Factory will consume the IdP metadata (SAML XML or OIDC discovery configuration) and establish the trust relationship.

3. Map attributes and groups

Next, configure which attributes your IdP sends to Factory in the SAML assertion or OIDC ID token. We recommend at least:
  • Email – primary unique identifier (for example, user.userprincipalname, user.mail).
  • Display name – used in UI (for example, user.displayname).
  • Groups or roles – used to map users into Factory orgs and roles.
Common patterns include groups such as:
  • factory-org-owners
  • factory-org-admins
  • factory-users
  • factory-ci-bots
These groups can be mapped on the Factory side to Owner, Admin, and Member roles, and to specific orgs or teams.

4. Test the connection

Once metadata and attributes are configured:
  1. Use a test user in your IdP who is assigned to the Factory application.
  2. Initiate login from the Factory sign‑in page using “Sign in with SSO” / your IdP button.
  3. Verify that:
    • The user is redirected to the IdP, authenticates, and returns to Factory.
    • The user lands in the correct org/team with the expected role.
If anything fails, check the IdP’s logs and Factory’s error message; most issues are due to mismatched URLs, certificates, or attribute mappings.

SCIM provisioning

SSO controls how users authenticate; SCIM controls which users and groups exist in Factory. With SCIM enabled:
  • New employees in relevant IdP groups get access to Factory automatically.
  • Users removed from those groups lose access automatically.
  • Group membership changes propagate into Factory without manual updates.

1. Enable SCIM in Factory

Your Factory admin (or account team) will:
  • Enable SCIM for your organization.
  • Provide a SCIM base URL and SCIM bearer token for your IdP.
Treat the SCIM token as a secret; store it only in your IdP’s application configuration.

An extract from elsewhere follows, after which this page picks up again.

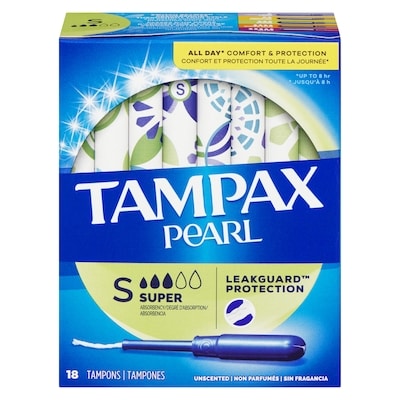 Tampax Tampons Pearl avec tresse anti-fuites LeakGuard, degré d’absorption super, non parfumés, 18 tampons 18 ea, 0,28 $/1ch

2. Configure SCIM in your IdP

In your IdP’s SCIM settings for the Factory application:
  1. Enable automatic provisioning.
  2. Paste the SCIM base URL and SCIM token from Factory.
  3. Choose which users and groups to sync (for example, only factory-* groups).
  4. Configure attribute mappings if required (for example, userName → email, displayName → name).
Once enabled, your IdP will start pushing users and groups to Factory and keep them synchronized.

3. Map directory groups to Factory roles

With SCIM in place, group management should happen only in your IdP. Use group naming and mapping rules such as:
  • factory-org-owners → Factory org Owners.
  • factory-org-admins → Factory org Admins.
  • factory-users → Factory Members.
  • factory-ci-bots → machine/service accounts with restricted permissions.
This keeps RBAC definitions in one place (your IdP) and lets you audit them alongside other enterprise apps.

Service accounts and CI access

Most organizations also need non‑human identities for CI/CD and automation. Recommended pattern:
  • Create dedicated CI groups (for example, factory-ci-bots).
  • Provision CI accounts via SCIM into Factory using those groups.
  • Issue tokens for CI workflows scoped to the relevant orgs/teams.
This keeps human and machine access clearly separated while still benefiting from centralized provisioning and deprovisioning.

Troubleshooting & best practices

Common issues and recommendations:
  • Login loops or failures
    • Verify ACS / redirect URLs exactly match what Factory provided.
    • Confirm certificates or signing keys have not expired or been rotated without updating Factory.
  • User lands in wrong org or role
    • Check group memberships and mapping rules.
    • Ensure the intended groups are included in SAML assertions or ID tokens.
  • Provisioning not working
    • Confirm SCIM is enabled in both Factory and your IdP.
    • Check SCIM logs in your IdP for errors (invalid token, URL, or schema).
Best practices:
  • Keep a small pilot group for initial rollout and future changes.
  • Use clear, prefix‑based group names (for example, factory-*) to keep IdP configuration maintainable.
  • Manage all role changes and access reviews in your IdP to leverage existing governance processes.
Once SSO and SCIM are in place, the Identity & Access Management overview explains how these identities are enforced at runtime for Droids.